26.The other argument is that, if it is accepted that certain decisions cannot be challenged in the national courts even by persons to whom they were not addressed, on the ground that they can only be contested in a direct action under Article 173, national courts will have to determine whether the person in question was directly and individually concerned by a decision before they will know whether they have jurisdiction to examine the decision's validity and refer the matter to the Court of Justice. Thus national courts will have to resolve a complex preliminary issue (namely, that of locus standi under Article 173) before they can decide whether to seek a preliminary ruling on the substantive issue of the decision's validity. The answer to that objection is that there is no such difficulty in a case like the present one, where TWD's locus standi under Article 173 cannot have been in any doubt. In my view, it is only in situations where locus standi under Article 173 is clear beyond doubt that the availability of a direct action under that provision should preclude a natural or legal person from challenging indirectly a decision addressed to another person. If that approach is adopted, there will be no complex preliminary issue of locus standi under Article 173 for the national court to resolve. Such an approach is further commended by the consideration that the rights of individuals should not be prejudiced as a result of uncertainty in the law. It is, moreover, consistent with both Commission v Belgium and Universitaet Hamburg.
27.A final point, which I mention only because of the weight attached to it by the Commission, is the latter's suggestion that the Court should allude in its ruling to the possibility that national courts may refer to the Court of Justice questions of interpretation concerning the exceptional circumstances in which a recipient of aid may invoke the principle of legitimate expectation in proceedings to recover the aid. In my opinion, it would not be appropriate for the Court to deal expressly with that issue, which has not been raised by the Oberverwaltungsgericht and which is not in any event concerned with the validity of the Commission's decision. If the national court subsequently decides that it wishes to refer such a question to the Court, it will of course be free to do so.

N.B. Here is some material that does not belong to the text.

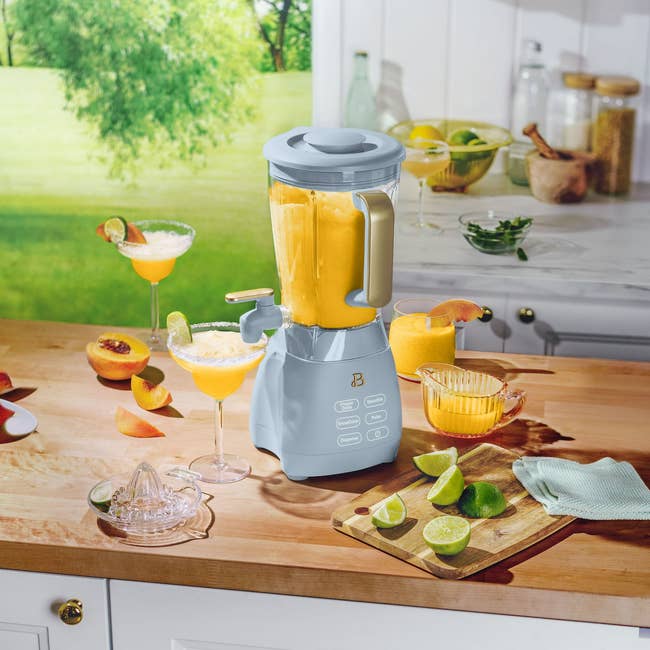 Blender on a kitchen counter making smoothies, surrounded by fresh citrus fruits and glasses with juice, set in a bright kitchen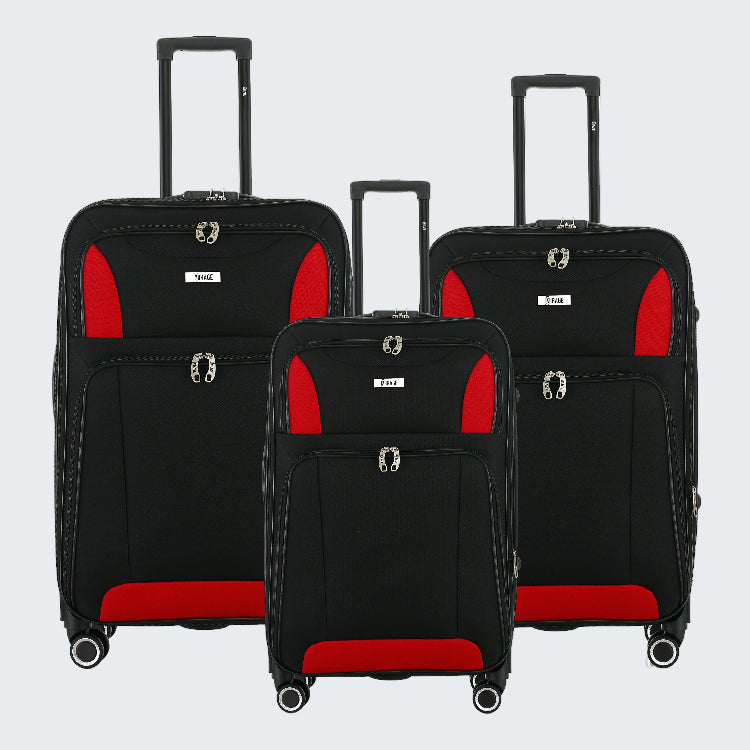 Set of black suitcases with red accents on a white background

28.Accordingly, I am of the opinion that the Court should reply to the questions submitted by the Oberverwaltungsgericht fuer das Land Nordrhein-Westfalen as follows:
Where the Commission has addressed a decision to a Member State under the first subparagraph of Article 93(2) of the EEC Treaty requiring the recovery of aid unlawfully granted to an undertaking by that Member State, and where the undertaking concerned has failed to exercise its right to challenge that decision under Article 173 of the Treaty within the applicable time limit, the validity of the decision may not be called in question in proceedings before the national courts in which the undertaking opposes steps taken by the Member State to recover the aid.
(*) Original language: English.
(1) - OJ 1986 L 300, p. 34.
(2) - Case 216/82 [1983] ECR 2771.
(3) - Case 156/77 [1978] ECR 1881.
(4) - Case 92/78 [1979] ECR 777, at paragraphs 39 and 40; see also Case 294/83 Les Verts v Parliament [1986] ECR 1339, at paragraph 23.
(5) - Case 730/79 Philip Morris v Commission [1980] ECR 2671, at paragraph 5; see also the Opinion of Advocate General Darmon in Case 310/85 Deufil v Commission [1987] ECR 901, at p. 913.
(6) - See, for example, Case 20/65 Collotti v Court of Justice [1965] ECR 847, at p. 850.
(7) - See Commission v Belgium (cited in note 3), at paragraph 21.
(8) - On this subject see my Opinion in Case C-358/89 Extramet Industrie v Council [1991] ECR I-2501, at paragraphs 71 to 74.
(9) - Council Decision 93/350/Euratom, ECSC, EEC of 8 June 1993, OJ 1993 L 144, p. 21.
(10) - Gerhard Bebr, Direct and indirect judicial control of Community acts in practice: the relation between Articles 173 and 177 of the EEC Treaty, in The Art of Governance, Festschrift in honour of Eric Stein, 1987, at p. 91.